Your task is to transcribe the data exactly while omitting each picture.

### Data to examine
━━━━━━━━━━━━━━━━━━━━━━━━━━━━━━
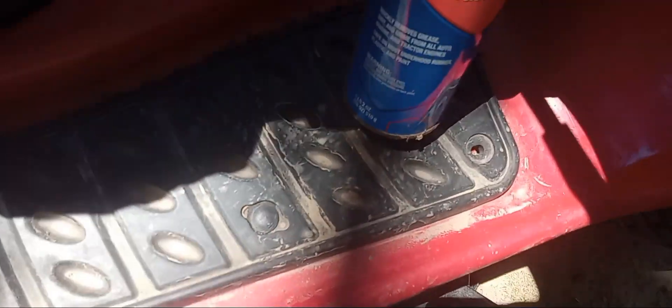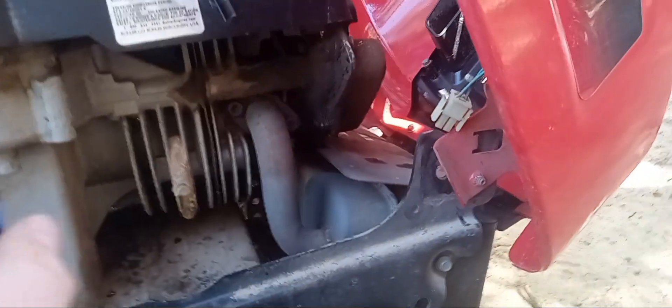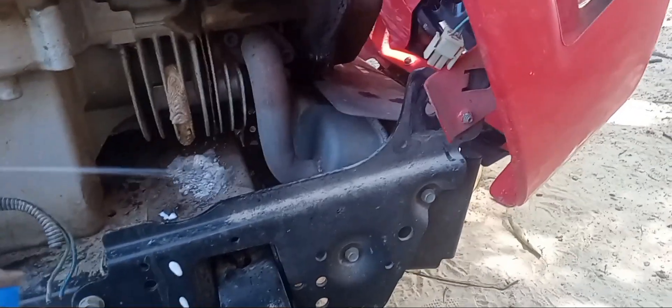I have a can of Super Tech engine degreaser. We're just going to spray the little crevices, like here and there. Let's get to it — we're going to let this sit. Now let's do the other side. This side honestly is probably the worst side. There's a dirt dauber in this; I'm going to spray some on that right there.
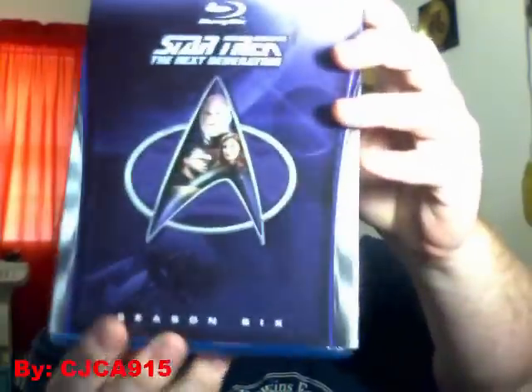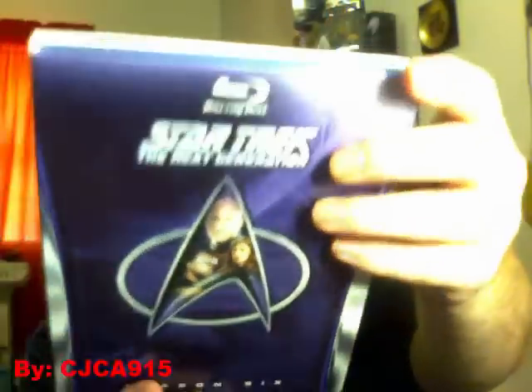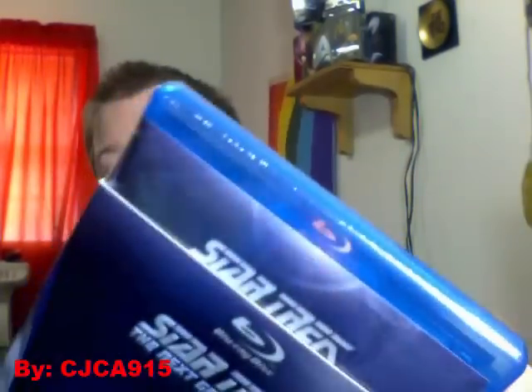Hello, everybody. This is Chris. My copy of season six just arrived about a half hour ago. I've been working on other stuff until I made this video, so you can see the case here. It's still in the shrink wrap — I haven't taken it out of the shrink wrap yet.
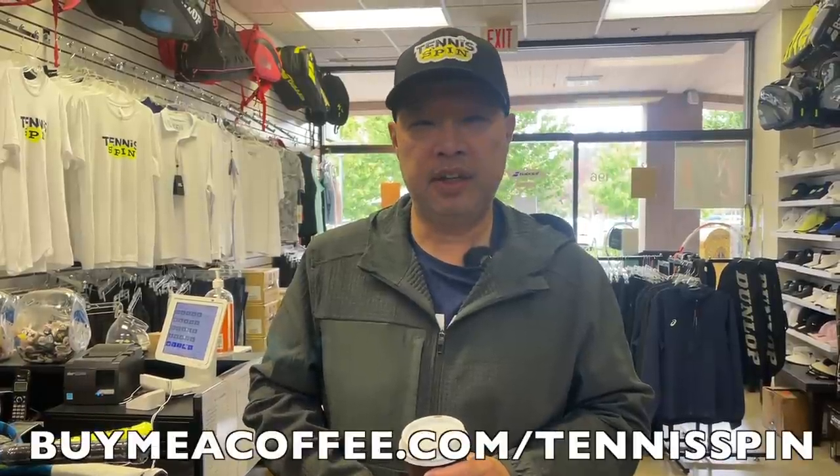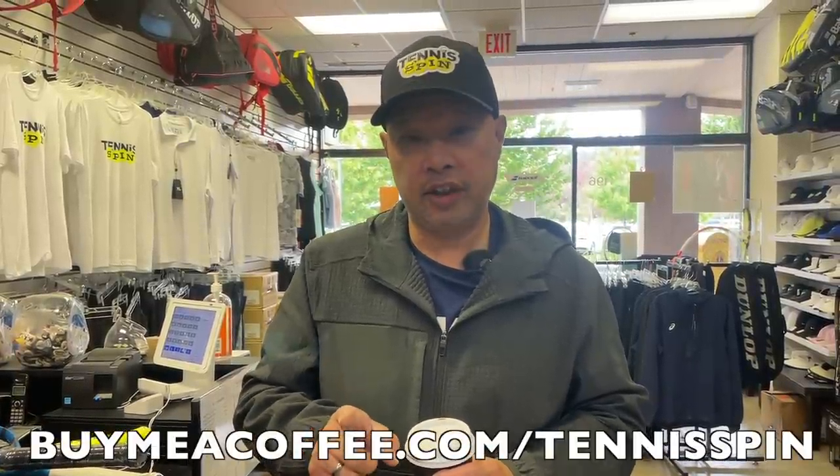Alright guys, hoping that it's a light day. It's a little overcast out there. It's time to drink my black coffee. If you want to support the channel, support my dark roast habit. The link is buymeacoffee.com/TennisSpin. Thank you in advance, and thank you to everybody who has supported my caffeine dark roast habit.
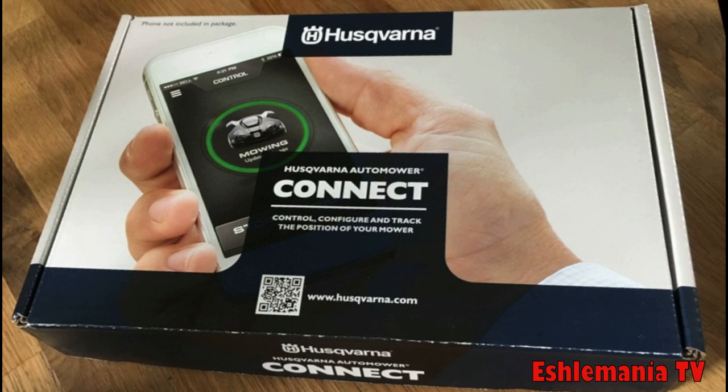Another thing you could do is go into your local authorized Husqvarna dealer and say, 'I've got this automower and I'd like to have service closer to home — can you think about becoming an automower dealer?' Then they can jump on board, go to the trainings, get educated, and start providing you a service. They can branch out, start selling these things, and increase their business. A lot of times dealers won't get involved because they think there's no demand — if you go in and supply them with a demand, they have one more way to make money and grow.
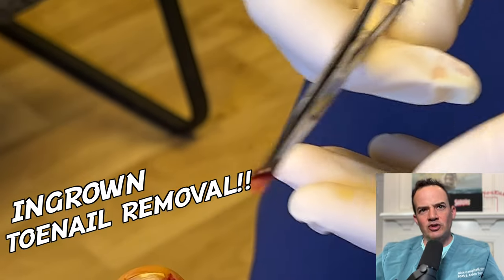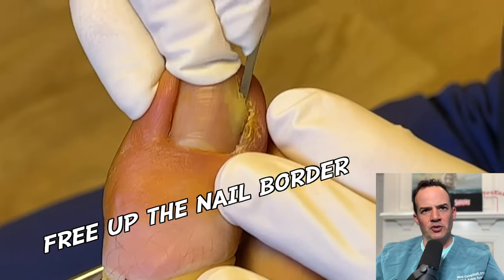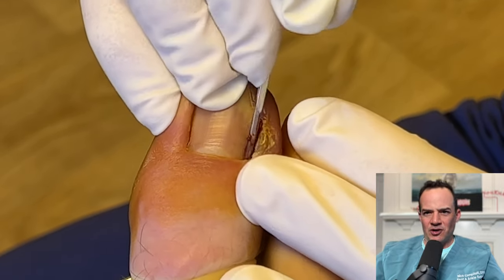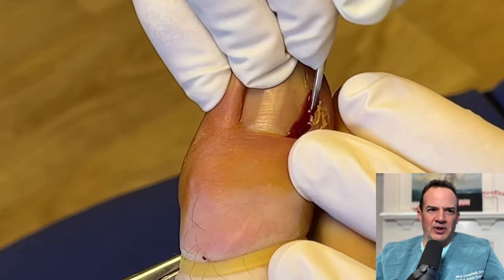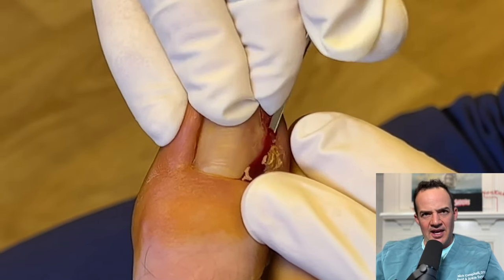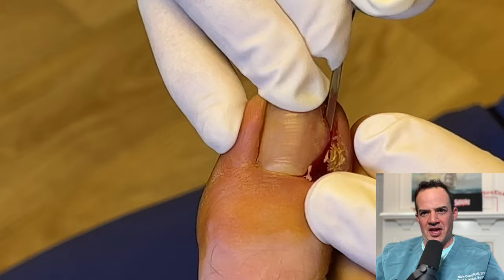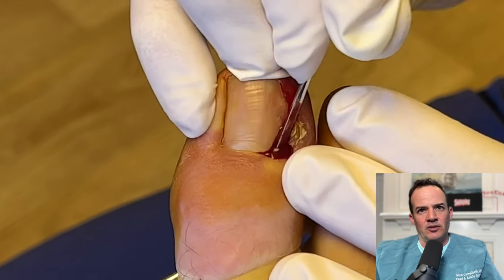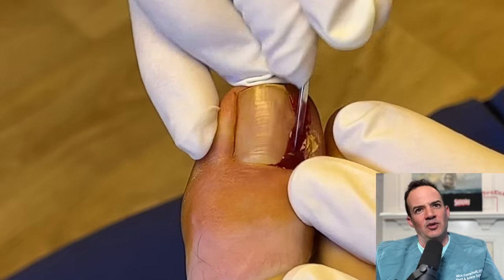This is a simple ingrown toenail removal. What you can see we're doing here is freeing up the nail border of this patient that had a chronic ingrown toenail. A lot of people get these and don't do anything about them. This particular patient waited long enough and we decided to perform what's called a matrixectomy, which prevents the toenail from coming back. So if you've ever had one of these, this is how we do it.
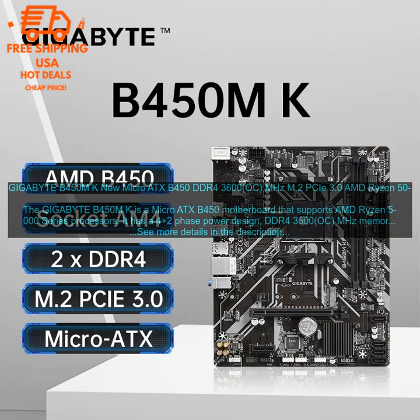Expansion slots: The Gigabyte B450M K has two PCIe X16 slots, two PCIe X1 slots, and two M.2 slots. Connectivity: It has one HDMI port, one DisplayPort, one DVI-D port, four USB 3.2 Gen 1 ports, two USB 2.0 ports, and one RJ45 Ethernet port. Form factor: It is a Micro ATX motherboard.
━━━━━━━━━━━━━━━━━━━━━━━━━━━━━━
### Reply to the exercise
I have a can of Super Tech engine degreaser. We're just going to spray the little crevices, like here and there. Let's get to it — we're going to let this sit. Now let's do the other side. This side honestly is probably the worst side. There's a dirt dauber in this; I'm going to spray some on that right there.
Hello, everybody. This is Chris. My copy of season six just arrived about a half hour ago. I've been working on other stuff until I made this video, so you can see the case here. It's still in the shrink wrap — I haven't taken it out of the shrink wrap yet.
Alright guys, hoping that it's a light day. It's a little overcast out there. It's time to drink my black coffee. If you want to support the channel, support my dark roast habit. The link is buymeacoffee.com/TennisSpin. Thank you in advance, and thank you to everybody who has supported my caffeine dark roast habit.
Another thing you could do is go into your local authorized Husqvarna dealer and say, 'I've got this automower and I'd like to have service closer to home — can you think about becoming an automower dealer?' Then they can jump on board, go to the trainings, get educated, and start providing you a service. They can branch out, start selling these things, and increase their business. A lot of times dealers won't get involved because they think there's no demand — if you go in and supply them with a demand, they have one more way to make money and grow.
This is a simple ingrown toenail removal. What you can see we're doing here is freeing up the nail border of this patient that had a chronic ingrown toenail. A lot of people get these and don't do anything about them. This particular patient waited long enough and we decided to perform what's called a matrixectomy, which prevents the toenail from coming back. So if you've ever had one of these, this is how we do it.
Expansion slots: The Gigabyte B450M K has two PCIe X16 slots, two PCIe X1 slots, and two M.2 slots. Connectivity: It has one HDMI port, one DisplayPort, one DVI-D port, four USB 3.2 Gen 1 ports, two USB 2.0 ports, and one RJ45 Ethernet port. Form factor: It is a Micro ATX motherboard.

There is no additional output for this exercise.